De trimestre en trimestre, le dévoilement des résultats financiers rappelle un désintérêt des Canadiens pour ses magasins. Il y a deux semaines, l'entreprise dévoilait des revenus de 834,5 millions de dollars au troisième trimestre 2014, en baisse de 15% par rapport aux 982,3 millions de l'exercice précédent. Si cette baisse est notamment causée par la fermeture de magasins, les adresses existantes ont néanmoins connu une chute de 9,5% de leurs ventes.

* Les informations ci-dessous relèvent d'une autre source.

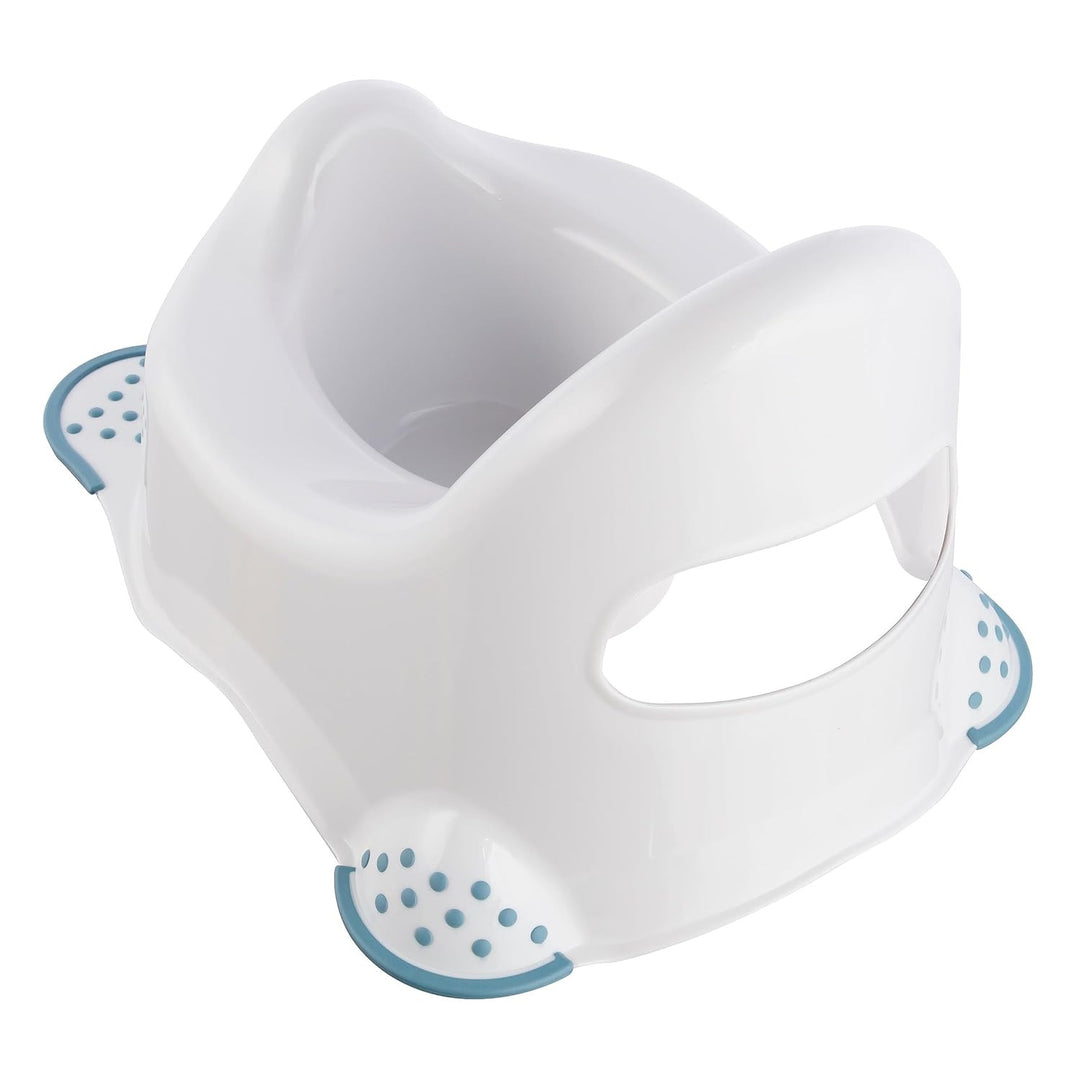 Paw Patrol Anti-Rutsch-Toilettensitzbezug - Paw Patrol Anti-Rutsch-Plattform, Max 120kg, zweistufig+  Anti-Rutsch-Töpfchen, Max 15kg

Sears a aboli 2200 postes au pays au cours des deux dernières années. L'entreprise a aussi mis fin à des baux dans une dizaine d'endroits de choix comme le Eaton Centre de Toronto. «Dans la plupart des cas, c'était dans des surfaces occupées autrefois par Eaton, explique Vince Power, vice-président des affaires corporatives et des communications de Sears. On rapporte souvent qu'on a fermé parce que Sears va mal, mais c'était parce que ces endroits représentaient d'excellentes transactions immobilières et qu'il nous aurait fallu 20 ans pour faire autant d'argent dans nos opérations normales.»

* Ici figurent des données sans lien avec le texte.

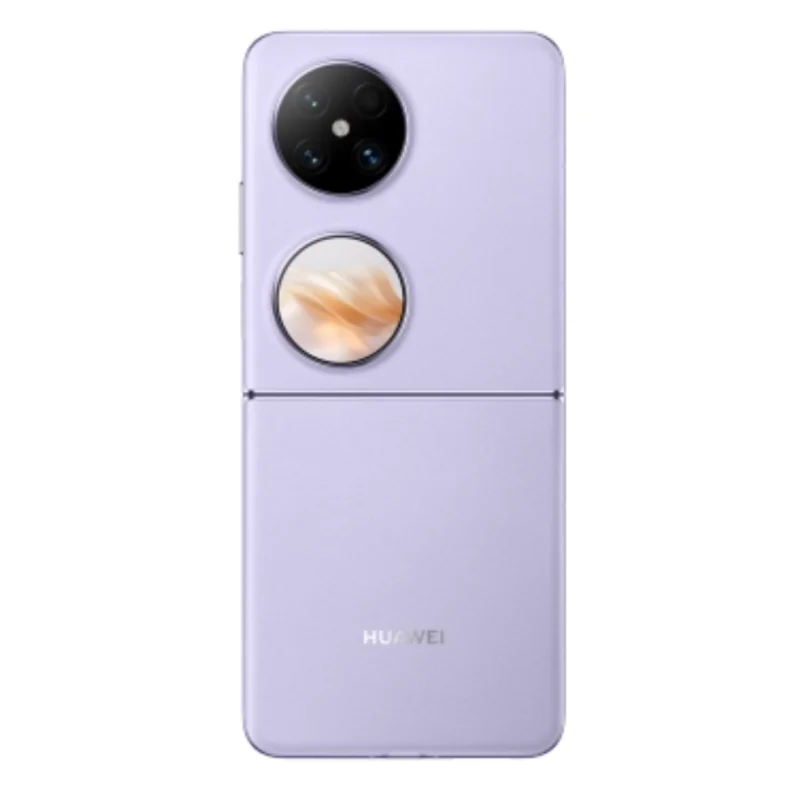 Huawei Pocket 2 12 GB + 512 GB Lila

«Sears a une valeur immobilière inestimable, tant sur le plan de ce qu'elle possède que de ses baux avantageux, confirme Perry Caicco, analyste de la CIBC. Mais ses affaires en magasin subissent un déclin marqué.»

Sears Holdings

Parallèlement, Sears Holdings, qui a fait passer ses parts de 51% à 12% dans Sears Canada cette année, ne se porte pas bien non plus. Hier, l'entreprise dévoilait des revenus de 7,2 milliards à son troisième trimestre 2014, comparativement à 8,3 milliards au troisième trimestre de 2013, soit une perte de 13%. Cette perte est en partie attribuable au rendement de ses magasins Kmart et Sears.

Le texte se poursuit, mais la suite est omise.